Here are some recent game releases of note and some of what I’ve been up to in hobby gaming over the past month or so.

Earlier this year, I wrote a piece about my favorite gaming magazine, UK’s Tabletop Gaming. Another gaming mag I subscribe to and enjoy is Casual Game Insider. Where Tabletop Gaming covers all manner of tabletop, miniature, roleplaying, card, and board games, Casual Game Insider focuses on family games, party games, and palate cleansers, games to be played between longer games during a gaming night. In a word, casual games. CSI has something of a fanzine flavor (in a good way). It’s obviously a passion and labor of love for those who produce it. They crowdfund the effort and just successfully finished their 7th round of funding. CSI covers every aspect of gaming, from creating, funding, and producing them, to the psychology and sociology of gaming, to gaming history, gaming types, you name it. And they have plenty of reviews and features on currently popular games. A free digital edition of the current issue is available for download (PDF).


The Ricks Must Be Crazy
Cryptozoic Entertainment, $17, 2-4 Players, Ages: 17+
Cryptozoic has been killing it with their series of quick, fun, and suitably strange Rick and Morty games. They’ve released five games so far. Each game is based on an episode of the popular Adult Swim animated series. And each is done in a different style, mechanic, and look and feel, attempting to capture the flavor of the episode it’s based upon. In The Ricks Must Be Crazy, 2-4 players travel through four levels of the multiverse (the Rickverse, Microverse, Miniverse, and Teenyverse). To succeed in the game, you need to collect power and victory points and each ‘verse (one nested within the other) offers different advantages and disadvantages. Each character has special abilities and each player spends Build tokens to construct contraptions in each ‘verse which offer victory points and special abilities. The game proceeds in rounds until the first player reaches a set Victory Point total. One more round is then played and the player with the most VP at that time wins.

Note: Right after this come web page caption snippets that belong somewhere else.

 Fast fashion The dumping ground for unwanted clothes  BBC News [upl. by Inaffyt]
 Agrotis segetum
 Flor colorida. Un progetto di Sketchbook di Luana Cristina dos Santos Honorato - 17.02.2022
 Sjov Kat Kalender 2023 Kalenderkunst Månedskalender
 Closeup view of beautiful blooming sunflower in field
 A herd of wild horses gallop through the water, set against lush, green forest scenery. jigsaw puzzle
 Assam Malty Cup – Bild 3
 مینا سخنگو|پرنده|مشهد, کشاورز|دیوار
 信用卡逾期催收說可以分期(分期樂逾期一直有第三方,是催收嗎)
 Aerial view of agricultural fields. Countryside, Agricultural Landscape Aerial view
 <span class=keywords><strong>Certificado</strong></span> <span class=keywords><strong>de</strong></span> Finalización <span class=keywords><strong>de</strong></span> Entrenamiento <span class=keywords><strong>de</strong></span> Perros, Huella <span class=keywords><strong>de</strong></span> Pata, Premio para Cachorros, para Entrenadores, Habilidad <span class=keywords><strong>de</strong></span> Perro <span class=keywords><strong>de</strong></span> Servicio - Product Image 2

I love the themes of this game series. It’s fun to watch the episode before/after playing the game to see how they interpreted it in game terms. All of the artwork used in the game are stills from the episode and the production on everything is gorgeous and high-quality. The Ricks Must Be Crazy isn’t likely the most exciting or smoothest game you’ll ever play (doing all of the Power level addition and subtraction on the Power/Victory Point tracker is annoying), but it does a pretty admirable job of capturing the fractal craziness of the episode. Next up: The Pickle Rick Game, housed in a Rick pickle (and due out in early Sept).


Epic Spell Wars of the Battle Wizards: Melee at Murdershroom Marsh
Cryptozoic Entertainment, $26, 2-6 Players, Ages: 15+
Epic Spell Wars is a series of wacky and weird psychedelic horror card games featuring dueling “battle wizards” trying to smite the toad stool out of each other. There are currently three games in the series (Duel at Mt. Skullzfyre, Rumble at Castle Tentakill, Melee at Murdershroom Marsh) and a 4th, Panic at the Pleasure Palace, coming later this year. The games are all about bringing the fun–talking cookie-monster/death metal smack to each other over a game of cleverly-stupid, eye-ball-melting spell-casting cards. In each round, players use the cards in their hand to construct a spell with a set syntax. Each spell can be comprised of a 3-part syntax: Source, Quality, and Delivery. These translate to the name of the wizard who first created the spell (Source), a spell descriptor (Quality), and what the spell actually does (Delivery). So, a spell a player might cast could read: Midnight Merlin’s Devilicious Power Vortex or King Tut-n-Putts’ Smelted LSD. The cards are also further grouped into magical types (e.g. Elemental, Illusion, Primal) and cards can be combined by these magical types to gain advantages. The game basically involves putting together your spell (drawn from the cards in your hand), casting the spell (out loud in a goofy death metal/monster truck rally announcer voice), and resolving the damage as indicated on the cards. Each wizard character, which have names like Zanzabart the Slag Genie and Krazztar the Blood o’ Mancer, has a character dashboard for tracking hit points/health. Wizards that die (and they died a lot) still get to draw from a Dead Wizard deck that offers actions the dead wizard can resolve now or that are used in the next round.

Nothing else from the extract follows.